— Да что ты говоришь?
— Могу и еще кое-что добавить. То, в чем ты сейчас признался, где угодно считается преступлением. Если она захочет, тебя будут судить на Терре. Но мне, честно-то говоря, безразлично, хоть так, хоть этак. Патруля это уже не касается.
— Но здесь же ты меня не собираешься оставлять?
— Вот лейтенант Турлов очнется, сам с ним и будешь все обсуждать. Что до меня, то я не собираюсь ставить под угрозу нашу задачу. И чего, собственно, ради? Чтобы спасти тебя от наказания за убийство? Да-да, убийство — вот именно! Ты сам в этом признался.

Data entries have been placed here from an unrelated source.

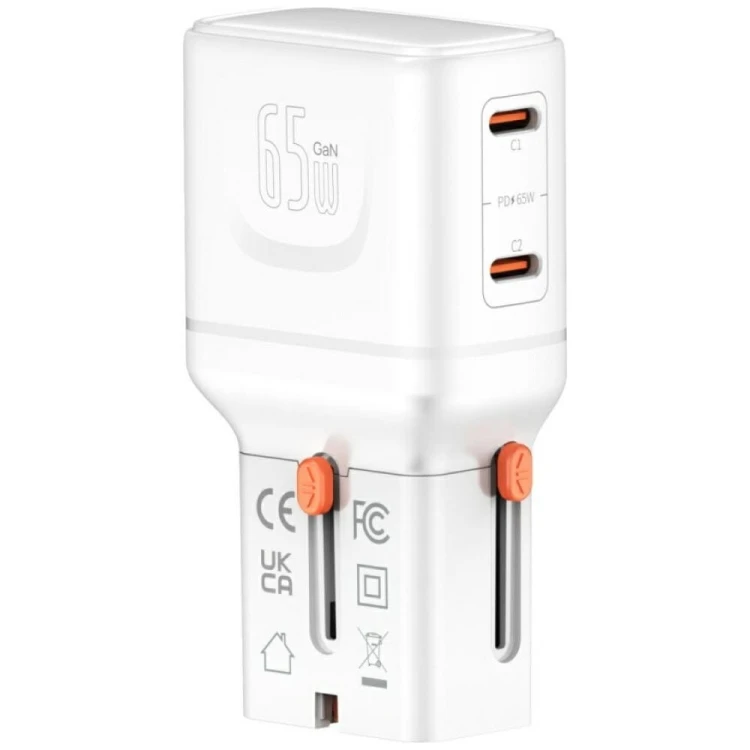 4smarts Ładowarka podróżna World Travel 65W USB-C + USB-A Biała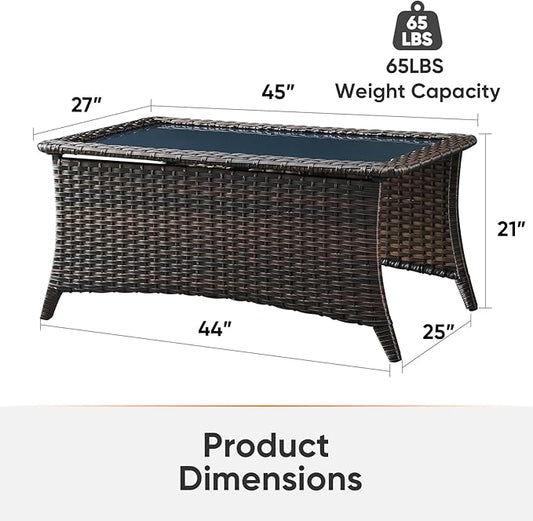 Outdoor Coffee Table - Patio Rattan Wicker Coffee Table with Tempered Glass Top Outdoor Table for Deck Porch Balcony Garden - Brown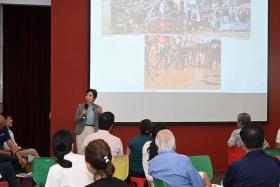 At a talk with residents and business owners of Singapore’s east region, Minister for Sustainability and the Environment Grace Fu showed the participants photos and news footage of recent floods abroad.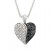Sterling Silver 1/4 cttw Black and White Diamond Heart Pendant, 18"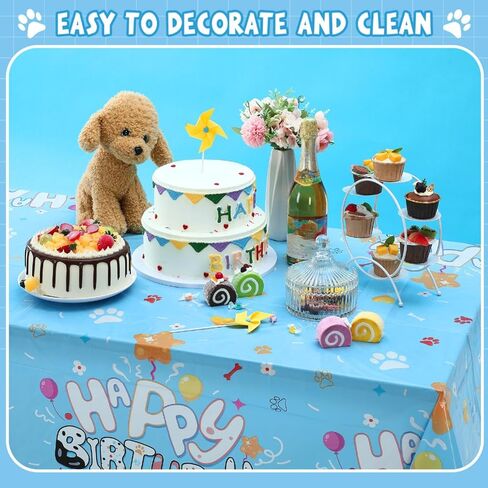 Oudain 3 Pack Blue Dog Party Tablecloth Dog Them Birthday Decor 108'' × 54'' Blue Yellow Plastic Table Cloth Puppy Paw Prints Bone Disposable Rectangle Table Cover for Baby Shower Party Supplies in Saudi Arabia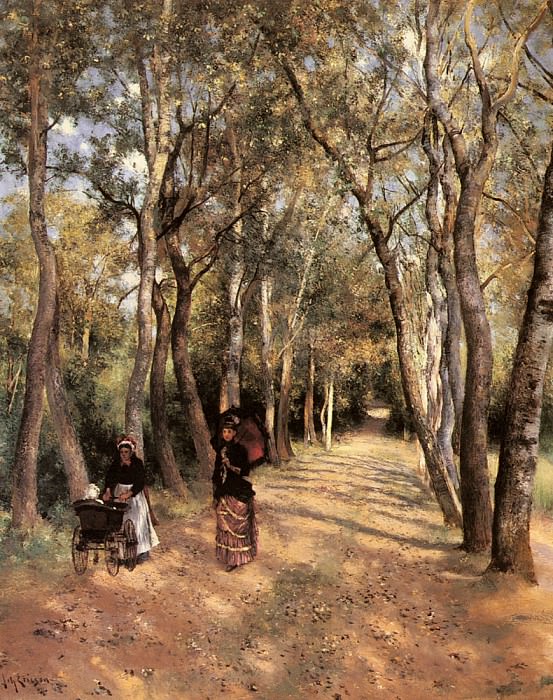 Ericson Johan A Woodland Path In Haut Meudon. Шведские художники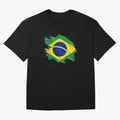 Brazil Flag Artistic Brush Stroke - Modern Flag Design T-Shirt Classic T-Shirt Celebrate Fan Favorites in Global Football Passion for FIFA World Cup 2026 Group Stage, Filled with Messi, CR7 and Mbappe, Spain, Goal Celebration Energy, Supporter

— Но… — Берк оглянулся по сторонам. — Текс! Мэтт! Неужели вы позволите ему встать на сторону говорящих лягушек?
Мэтт промолчал, не сводя с Берка холодных глаз.

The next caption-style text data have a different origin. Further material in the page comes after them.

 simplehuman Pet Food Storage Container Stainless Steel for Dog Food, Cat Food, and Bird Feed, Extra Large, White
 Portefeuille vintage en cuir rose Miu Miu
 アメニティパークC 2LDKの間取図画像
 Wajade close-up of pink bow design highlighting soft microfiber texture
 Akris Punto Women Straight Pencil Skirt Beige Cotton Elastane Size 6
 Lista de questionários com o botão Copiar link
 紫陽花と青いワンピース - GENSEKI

— Заткнись, Вонючка, — ответил Текс.
— Это точно, — кивнул Оскар, — заткнись и ложись спать. У меня рука болит, и вообще — не хочу я больше с тобой разговаривать.
В комнате мгновенно настала тишина, хотя никто из них не смог заснуть сразу. Мэтт лежал и думал, получится ли у Оскара убедить лягушачью мать — так он называл ее про себя — в честности их намерений. И в который раз мучал себя вопросом — как это так вышло, что он не смог уберечь джип. Наконец уснул и он.

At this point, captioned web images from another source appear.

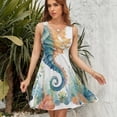 thumbnail image 7 of Marine Life Seahorse Sleeveless Dress Women Summer Evening Dresses Ladies Sundress, 7 of 7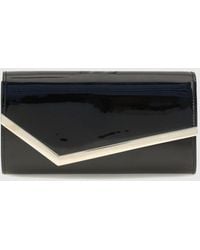 Jimmy Choo - Emmie Patent Leather Clutch With Chain Strap - Lyst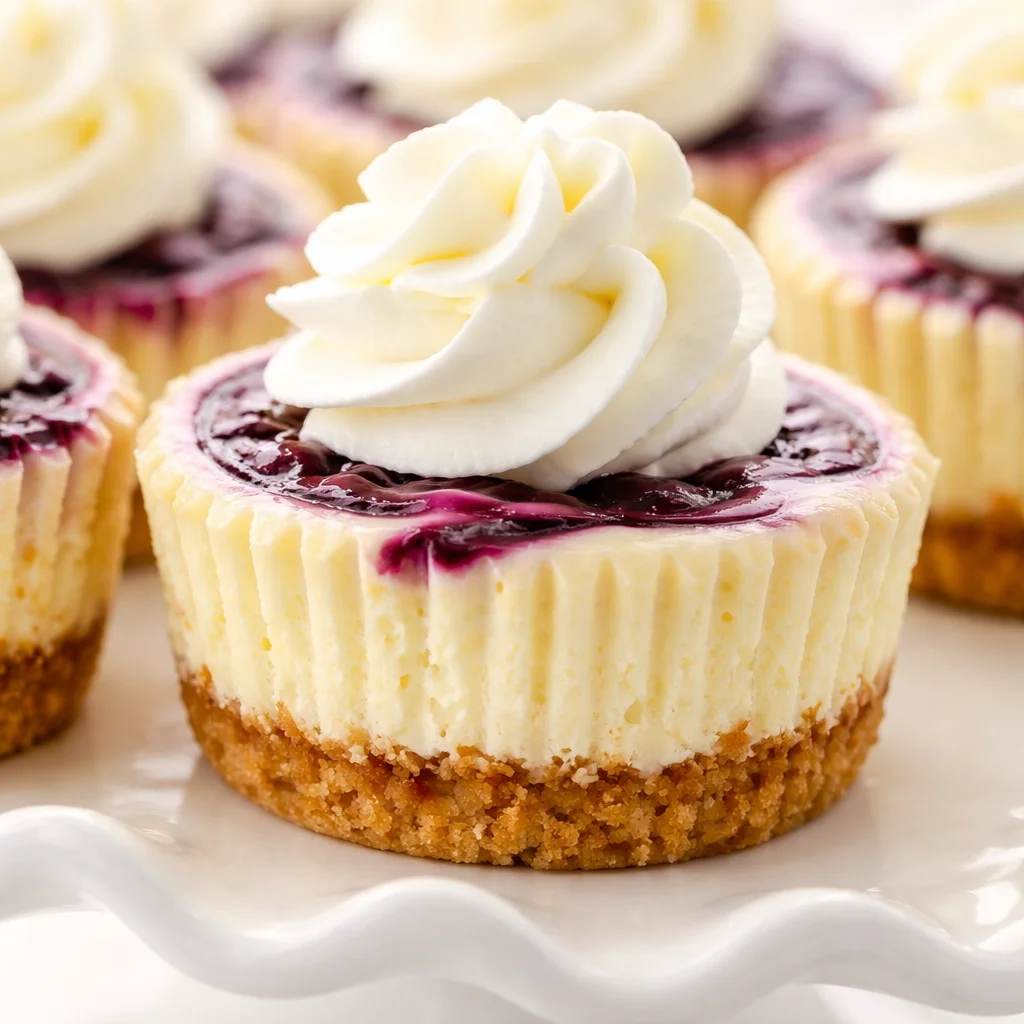 Mini Lemon Blueberry Cheesecakes with blueberry swirl on a graham cracker crust.
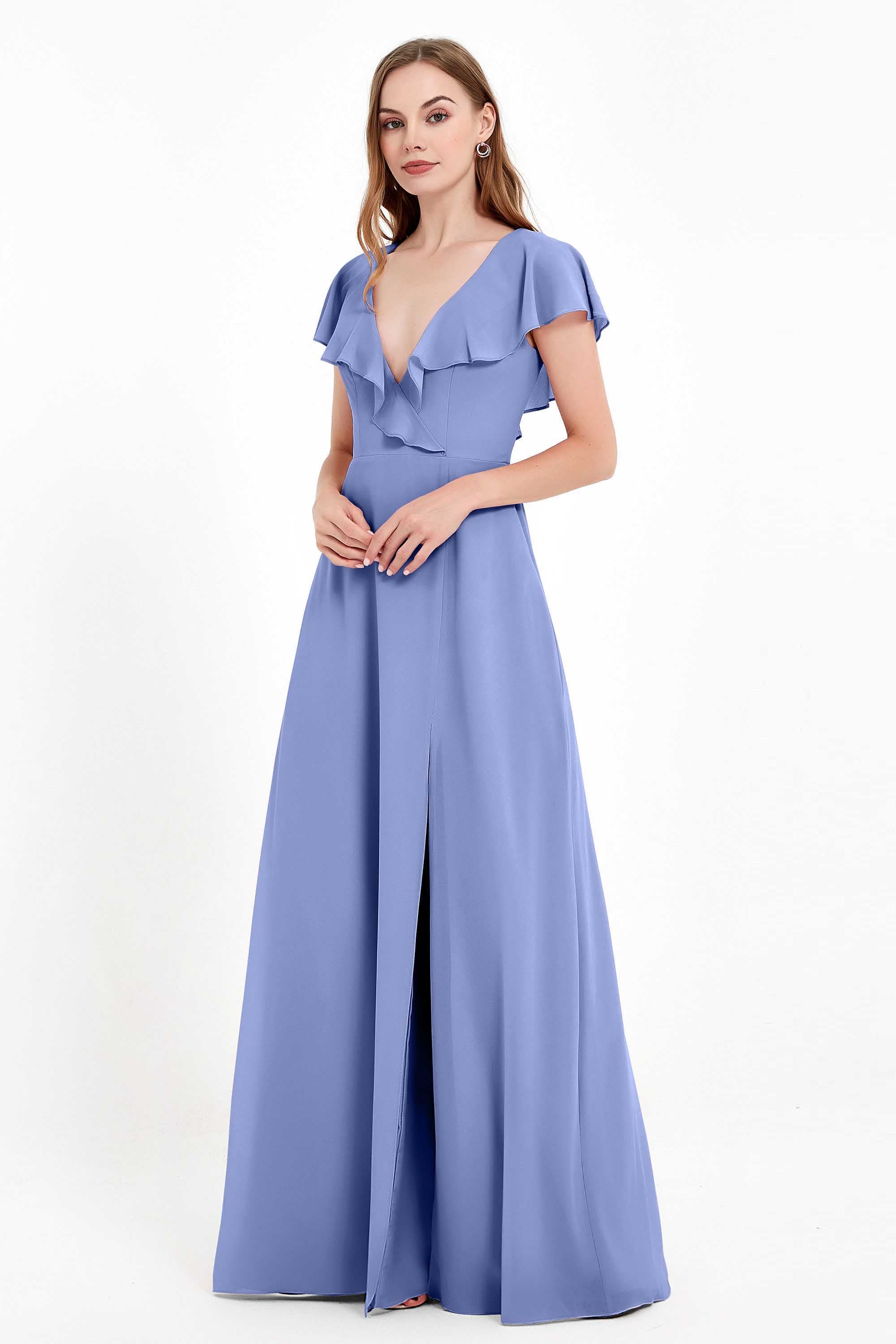 Deep V Neck Chiffon Bridesmaid Dress Flutter Sleeves Formal Evening Dresses Gowns with Slit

Разбудил его громкий стон. Мэтт вскочил и подбежал к лейтенанту. Оказалось, что не он первый — Текс уже был на ногах и стоял, склонившись над Турловым.
— В чем дело? — спросил Мэтт. — Ему хуже?
— Он все время пытается что-то сказать.
Глаза Турлова приоткрылись и он посмотрел на Мэтта.
— Матап, — голос его дрожал. — Матап… Pourquoi fait-il nuit ainsi?[54]
К ним подошел Оскар.
— Что он говорит?
— Похоже, маму зовет, — ответил Текс. — Остальное — чушь какая-то.
— Куда девался этот пузырь? Надо ему дать попить. — Мэтт приложил сосок пузыря к губам лейтенанта, тот напился и мгновенно заснул.
Вот что, ребята, — сказал Оскар. — Вы ложитесь, а я попробую переговорить с охранником, когда он снова принесет нам поесть. Нужно договориться о встрече с этой главной мамашей. Все-таки надо бы как-нибудь организовать ему медицинскую помощь.
— Оскар, хочешь, я подежурю? — предложил Мэтт.
— Нет, Мэтт, ты отдыхай. Я все равно не смогу уснуть. Эта проклятая штука все время чешется.
— Ладно.
Мэтт уже засыпал, когда раздались шаги и чья-то рука откинула занавес. Оскар, сидевший у самой двери со скрещенными ногами, как только охранница отодвинула занавес, чтобы поставить на пол поднос с едой, — просунул руку в образовавшуюся щель.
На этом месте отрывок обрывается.